Moving Average Processes¶

\(MA(1)\)¶

Given white noise \(\{\varepsilon_t\}\), consider the process

\[Y_t = \mu + \varepsilon_t + \theta \varepsilon_{t-1},\]

where \(\mu\) and \(\theta\) are constants.

This is a first-order moving average or \(MA(1)\) process.

\(MA(1)\) Mean and Variance¶

The mean of the first-order moving average process is

\[E[Y_t] = E[\mu + \varepsilon_t + \theta \varepsilon_{t-1}] \hspace{0.65in}\]

\[= \mu + E[\varepsilon_t] + \theta E[\varepsilon_{t-1}]\]

\[= \mu. \hspace{1.27in}\]

\(MA(1)\) Autocovariances¶

\[\begin{split}\gamma_j & = E\left[(Y_t - \mu)(Y_{t-j} - \mu)\right] \hspace{2in}\end{split}\]
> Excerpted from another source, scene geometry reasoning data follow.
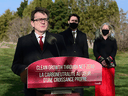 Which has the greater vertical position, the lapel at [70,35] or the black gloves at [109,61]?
the lapel at [70,35]

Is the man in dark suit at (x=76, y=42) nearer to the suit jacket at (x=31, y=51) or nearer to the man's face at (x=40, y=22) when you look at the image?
the suit jacket at (x=31, y=51)

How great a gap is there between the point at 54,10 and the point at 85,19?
752 cm

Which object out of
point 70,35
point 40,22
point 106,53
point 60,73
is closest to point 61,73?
point 60,73

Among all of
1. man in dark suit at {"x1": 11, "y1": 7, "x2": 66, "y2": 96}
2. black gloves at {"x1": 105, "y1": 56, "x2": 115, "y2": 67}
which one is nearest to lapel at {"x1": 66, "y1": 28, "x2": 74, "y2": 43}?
black gloves at {"x1": 105, "y1": 56, "x2": 115, "y2": 67}

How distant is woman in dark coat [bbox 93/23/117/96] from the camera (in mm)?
5109

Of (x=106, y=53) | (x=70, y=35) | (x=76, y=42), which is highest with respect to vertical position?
(x=70, y=35)

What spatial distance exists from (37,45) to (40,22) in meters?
0.27

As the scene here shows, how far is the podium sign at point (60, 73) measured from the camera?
1717mm

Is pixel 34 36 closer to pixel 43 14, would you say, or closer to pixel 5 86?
pixel 43 14

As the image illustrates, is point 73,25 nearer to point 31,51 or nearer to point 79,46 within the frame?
point 79,46

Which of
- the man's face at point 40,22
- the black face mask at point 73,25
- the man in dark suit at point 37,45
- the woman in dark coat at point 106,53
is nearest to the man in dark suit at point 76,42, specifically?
the black face mask at point 73,25

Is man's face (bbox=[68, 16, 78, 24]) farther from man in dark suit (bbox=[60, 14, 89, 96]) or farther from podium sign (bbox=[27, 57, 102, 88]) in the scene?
podium sign (bbox=[27, 57, 102, 88])

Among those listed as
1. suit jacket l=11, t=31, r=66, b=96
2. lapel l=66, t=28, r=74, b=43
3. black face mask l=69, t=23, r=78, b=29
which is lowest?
suit jacket l=11, t=31, r=66, b=96

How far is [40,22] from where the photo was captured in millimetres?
2109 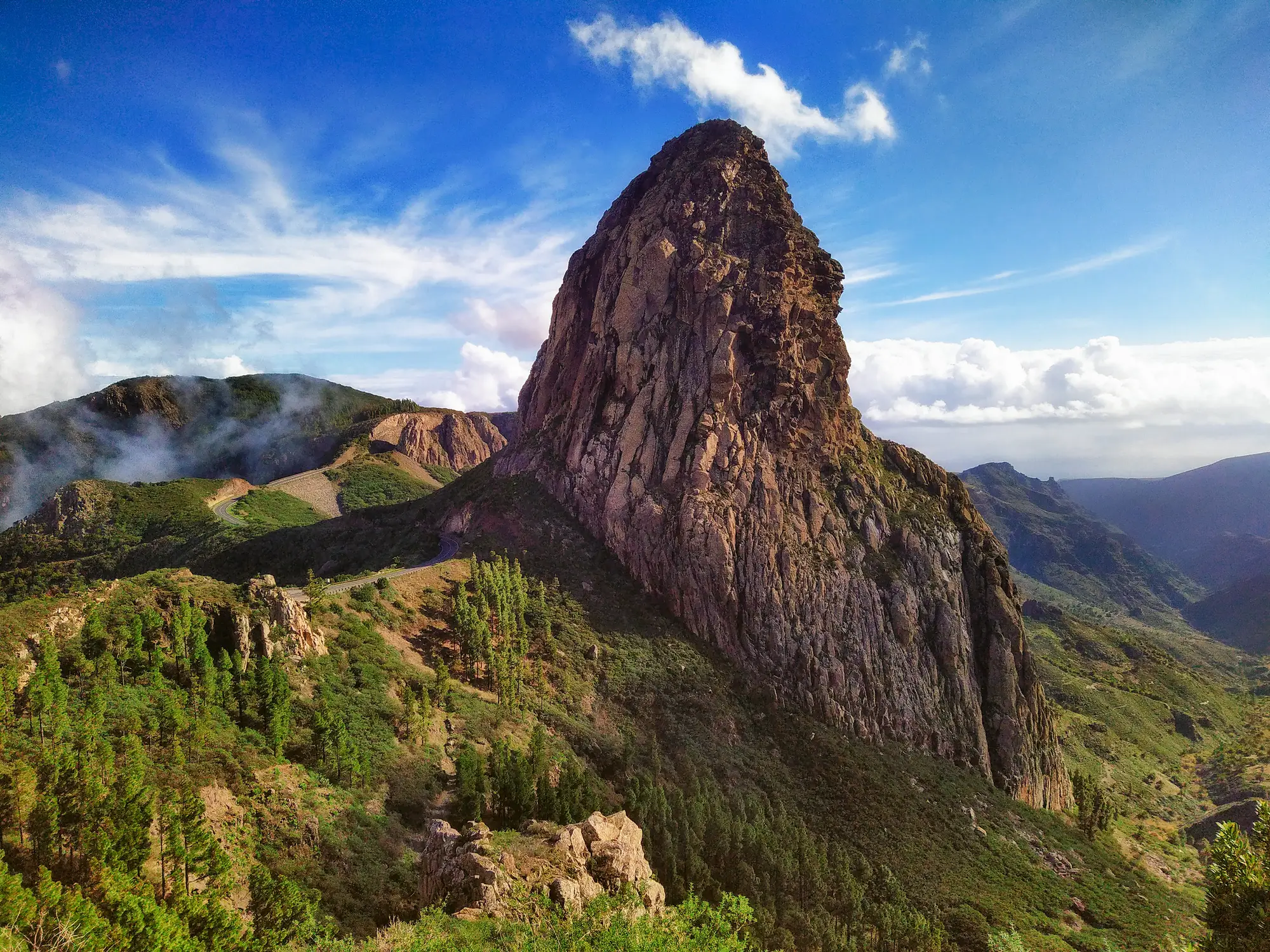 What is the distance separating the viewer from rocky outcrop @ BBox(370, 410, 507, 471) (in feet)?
525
\[= E\left[(\varepsilon_t + \theta \varepsilon_{t-1})(\varepsilon_{t-j} + \theta \varepsilon_{t-j-1})\right] \hspace{1.18in}\]
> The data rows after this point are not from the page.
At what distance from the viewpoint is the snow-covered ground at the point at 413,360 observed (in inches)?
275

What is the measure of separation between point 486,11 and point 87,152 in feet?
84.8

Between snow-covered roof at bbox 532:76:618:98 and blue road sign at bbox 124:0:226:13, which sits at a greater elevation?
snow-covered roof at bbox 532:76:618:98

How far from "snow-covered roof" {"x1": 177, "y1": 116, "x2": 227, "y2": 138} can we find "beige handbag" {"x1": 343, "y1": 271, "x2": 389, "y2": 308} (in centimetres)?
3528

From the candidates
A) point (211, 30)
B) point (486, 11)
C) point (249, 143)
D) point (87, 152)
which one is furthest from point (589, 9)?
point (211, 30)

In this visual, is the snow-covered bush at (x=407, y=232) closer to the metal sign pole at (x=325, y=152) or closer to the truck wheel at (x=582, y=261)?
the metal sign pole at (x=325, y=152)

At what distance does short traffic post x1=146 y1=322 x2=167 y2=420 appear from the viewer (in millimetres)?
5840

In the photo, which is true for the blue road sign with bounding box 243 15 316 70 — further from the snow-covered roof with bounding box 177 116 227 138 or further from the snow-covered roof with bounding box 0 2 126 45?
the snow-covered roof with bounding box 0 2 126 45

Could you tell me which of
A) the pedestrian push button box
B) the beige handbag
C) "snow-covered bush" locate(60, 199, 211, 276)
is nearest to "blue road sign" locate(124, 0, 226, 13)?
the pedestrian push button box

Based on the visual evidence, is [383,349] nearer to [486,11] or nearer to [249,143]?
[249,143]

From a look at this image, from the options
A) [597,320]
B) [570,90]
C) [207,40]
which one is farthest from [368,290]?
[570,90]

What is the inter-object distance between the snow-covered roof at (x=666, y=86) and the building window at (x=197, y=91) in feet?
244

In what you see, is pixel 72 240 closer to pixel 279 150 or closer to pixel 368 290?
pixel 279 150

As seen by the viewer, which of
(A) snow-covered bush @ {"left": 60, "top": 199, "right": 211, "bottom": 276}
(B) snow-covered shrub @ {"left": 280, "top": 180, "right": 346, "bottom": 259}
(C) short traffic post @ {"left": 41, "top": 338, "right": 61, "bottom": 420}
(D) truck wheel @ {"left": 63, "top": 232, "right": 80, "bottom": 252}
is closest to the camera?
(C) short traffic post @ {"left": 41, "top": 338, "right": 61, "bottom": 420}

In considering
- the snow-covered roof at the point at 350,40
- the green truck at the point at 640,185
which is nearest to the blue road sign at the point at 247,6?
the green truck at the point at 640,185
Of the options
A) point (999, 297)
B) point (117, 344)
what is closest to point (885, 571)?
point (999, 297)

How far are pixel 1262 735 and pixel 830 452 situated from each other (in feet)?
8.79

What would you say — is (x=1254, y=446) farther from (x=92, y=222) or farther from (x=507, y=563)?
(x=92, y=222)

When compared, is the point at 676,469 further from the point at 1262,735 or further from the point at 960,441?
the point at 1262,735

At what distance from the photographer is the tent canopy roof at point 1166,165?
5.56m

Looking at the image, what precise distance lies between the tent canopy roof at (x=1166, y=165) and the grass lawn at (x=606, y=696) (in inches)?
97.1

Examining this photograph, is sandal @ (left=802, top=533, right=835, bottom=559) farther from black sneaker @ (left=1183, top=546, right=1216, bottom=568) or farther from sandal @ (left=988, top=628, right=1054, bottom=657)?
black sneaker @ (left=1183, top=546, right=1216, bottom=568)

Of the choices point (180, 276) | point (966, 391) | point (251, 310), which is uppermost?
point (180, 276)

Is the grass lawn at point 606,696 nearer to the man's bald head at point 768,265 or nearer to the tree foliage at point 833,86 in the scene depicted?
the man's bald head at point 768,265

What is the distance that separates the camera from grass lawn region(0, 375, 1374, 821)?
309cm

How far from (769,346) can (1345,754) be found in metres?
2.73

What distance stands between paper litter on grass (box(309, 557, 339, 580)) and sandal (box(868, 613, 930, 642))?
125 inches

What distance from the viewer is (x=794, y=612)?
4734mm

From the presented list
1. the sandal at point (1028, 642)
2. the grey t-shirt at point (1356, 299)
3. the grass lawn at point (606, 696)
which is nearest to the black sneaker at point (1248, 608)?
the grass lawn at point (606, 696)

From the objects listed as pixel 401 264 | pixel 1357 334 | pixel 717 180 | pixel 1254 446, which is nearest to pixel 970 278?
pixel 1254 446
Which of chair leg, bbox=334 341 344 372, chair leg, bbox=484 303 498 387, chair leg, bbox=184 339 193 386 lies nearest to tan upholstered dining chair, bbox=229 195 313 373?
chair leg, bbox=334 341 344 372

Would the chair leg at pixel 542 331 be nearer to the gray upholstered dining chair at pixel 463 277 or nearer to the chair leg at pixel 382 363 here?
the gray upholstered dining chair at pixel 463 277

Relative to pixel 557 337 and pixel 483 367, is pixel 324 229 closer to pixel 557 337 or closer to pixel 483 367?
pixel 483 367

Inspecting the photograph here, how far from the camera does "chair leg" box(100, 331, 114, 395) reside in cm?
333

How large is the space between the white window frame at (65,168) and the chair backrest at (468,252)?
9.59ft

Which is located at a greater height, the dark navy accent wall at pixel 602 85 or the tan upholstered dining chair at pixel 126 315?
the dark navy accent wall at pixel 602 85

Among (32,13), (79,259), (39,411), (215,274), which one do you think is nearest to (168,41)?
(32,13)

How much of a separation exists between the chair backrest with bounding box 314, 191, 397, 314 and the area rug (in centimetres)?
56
\[= E[\varepsilon_t \varepsilon_{t-j} + \theta \varepsilon_t \varepsilon_{t-j-1} + \theta \varepsilon_{t-1} \varepsilon_{t-j} + \theta^2 \varepsilon_{t-1}\varepsilon_{t-j-1}]\]
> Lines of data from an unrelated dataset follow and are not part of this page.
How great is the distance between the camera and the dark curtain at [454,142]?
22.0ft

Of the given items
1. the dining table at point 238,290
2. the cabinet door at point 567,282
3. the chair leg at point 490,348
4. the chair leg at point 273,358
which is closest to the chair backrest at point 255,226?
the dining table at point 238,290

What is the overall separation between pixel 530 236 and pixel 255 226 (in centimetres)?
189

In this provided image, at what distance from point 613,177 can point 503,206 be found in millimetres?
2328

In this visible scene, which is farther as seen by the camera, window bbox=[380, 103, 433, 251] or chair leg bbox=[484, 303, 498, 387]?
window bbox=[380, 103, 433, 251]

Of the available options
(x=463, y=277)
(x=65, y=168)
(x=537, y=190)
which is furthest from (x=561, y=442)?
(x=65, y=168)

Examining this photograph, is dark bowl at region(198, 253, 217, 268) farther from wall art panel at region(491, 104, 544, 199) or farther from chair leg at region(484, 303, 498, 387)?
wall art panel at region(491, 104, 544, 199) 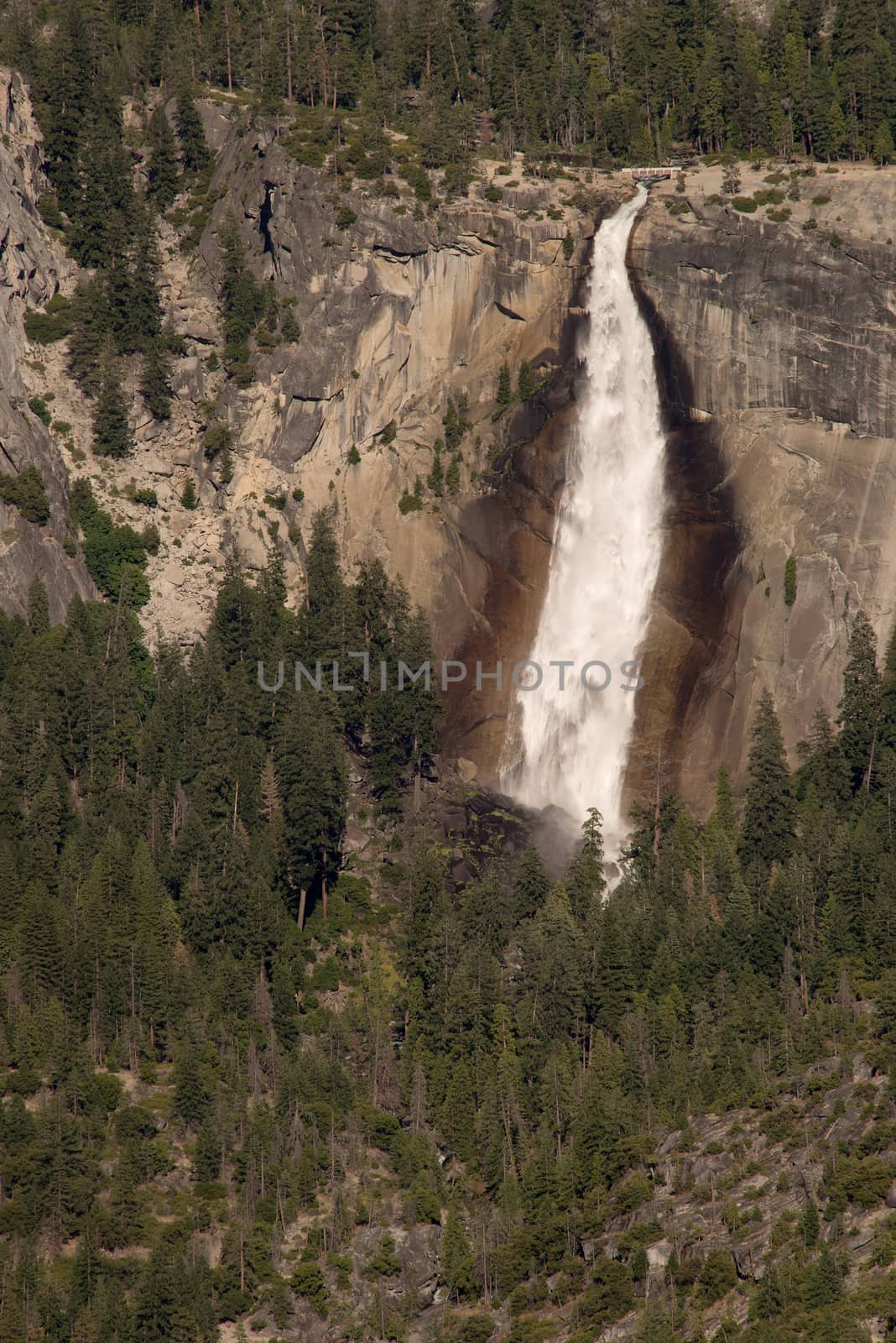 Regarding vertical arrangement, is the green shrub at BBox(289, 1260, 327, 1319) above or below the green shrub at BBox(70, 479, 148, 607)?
below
\[\hspace{0.49in} = E[\varepsilon_t \varepsilon_{t-j}] + \theta E[\varepsilon_t \varepsilon_{t-j-1}] + \theta E[\varepsilon_{t-1} \varepsilon_{t-j}] + \theta^2 E[\varepsilon_{t-1}\varepsilon_{t-j-1}].\]

\(MA(1)\) Autocovariances¶

If \(j = 0\)

\[\hspace{0.2in} \gamma_0 = E[\varepsilon^2_t] + \theta E[\varepsilon_t \varepsilon_{t-1}] + \theta E[\varepsilon_{t-1} \varepsilon_t] + \theta^2 E[\varepsilon^2_{t-1}] = (1+\theta^2)\sigma^2.\]

If \(j = 1\)

\[\hspace{0.2in} \gamma_1 = E[\varepsilon_t \varepsilon_{t-1}] + \theta E[\varepsilon_t \varepsilon_{t-2}] + \theta E[\varepsilon^2_{t-1}] + \theta^2 E[\varepsilon_{t-1} \varepsilon_{t-2}] = \theta \sigma^2.\]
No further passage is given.